# "Bid-Shielding": Neuer Betrug bei eBay auf dem Vormarsch



## jupp11 (24 November 2013)

http://www.shortnews.de/id/1062705/bid-shielding-neuer-betrug-bei-ebay-auf-dem-vormarsch


> "Bid-Shielding" nennt sich die neuste Betrugsmasche von Käufern im Internetauktionshaus eBay. Mit Mehrfachaccounts erhöhen sie den Preis für einen Artikel, den sie erwerben möchten. Kurz vor Auktionsende werden die Gebote der Fake-Accounts zurückgezogen.
> 
> Dies ist nach den Regularien unter bestimmten Voraussetzungen erlaubt. Statt kurz vor Schluss weiter zu steigen, fällt der Preis für den Artikel schließlich auf das vorherige Maximalgebot zurück - idealerweise der Hauptaccount des Betrügers.


----------



## Heiko (24 November 2013)

Naja - so arg neu ist das ja nicht. Preistreiberei ist so alt wie ebay.


----------



## Nebelwolf ✟ (24 November 2013)

Hallo zusammen,

die Gebotsabschirmung ist tatsächlich schon ziemlich alt. Im Fall eines zurückgezogenen Gebotes, kommt kein Kaufvertrag mit dem überbotenen Bieter zustande, der durch den Rückzug jetzt wieder Höchstbieter ist. Unter dem Stichwort Gebotsabschirmung liefert Google reichlich informativen Lesestoff.

Nebelwolf


----------



## jupp11 (25 November 2013)

Heiko schrieb:


> Naja - so arg neu ist das ja nicht.


http://www.onlinemarktplatz.de/3814...ding-ein-altes-phaenomen-ist-stark-im-kommen/


> Abzocke bei eBay: Bid-Shielding – ein *altes* Phänomen ist stark im Kommen
> „Bid-Shielding“ oder auf Deutsch in etwa übersetzt mit Gebotsabschirmung gibt es zwar schon seit längerer Zeit, nimmt aber immer stärker zu


----------



## werv (3 Dezember 2013)

Ich kopiere mal meine eigene Postings aus einen anderen Forum, ich denke zwar dass in diesem extra spezialisierten Forum das genaue Vorgehen bekannt ist aber es schadet auch nicht:

Den Begriff "Bid Shielding" gibt es schon seit 1999 und den Betrug als solchen schon früher.

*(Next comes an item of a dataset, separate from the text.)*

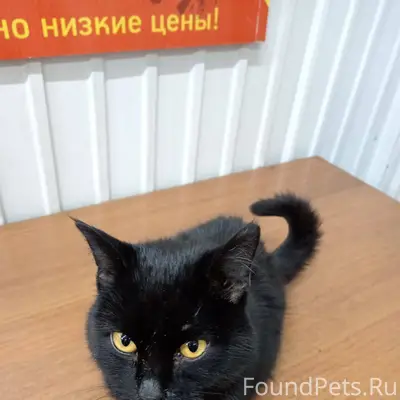 Чей потеряшка?Видно,что домашн...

http://wordspy.com/words/bidshielding.asp


Und jetzt ein einfaches Beispiel:



Man braucht dazu zwei Personen mit zwei Computern und am besten zwei
internet Anschlüssen. oder/und einen professionellen IP Changer. So reicht natürlich auch eine Person



Ein Verkäufer will nun ein Laptop in Wert von 600 euro verkaufen. Er gibt als
Startwert der Auktion 200 euro an.



Der Betrüger Nummer 1 gibt als Obergrenze seiner Gebote 799 euro an.
Das Gebot wird aber bei 200 euro bestehen, solange es keine Gegengebote gibt.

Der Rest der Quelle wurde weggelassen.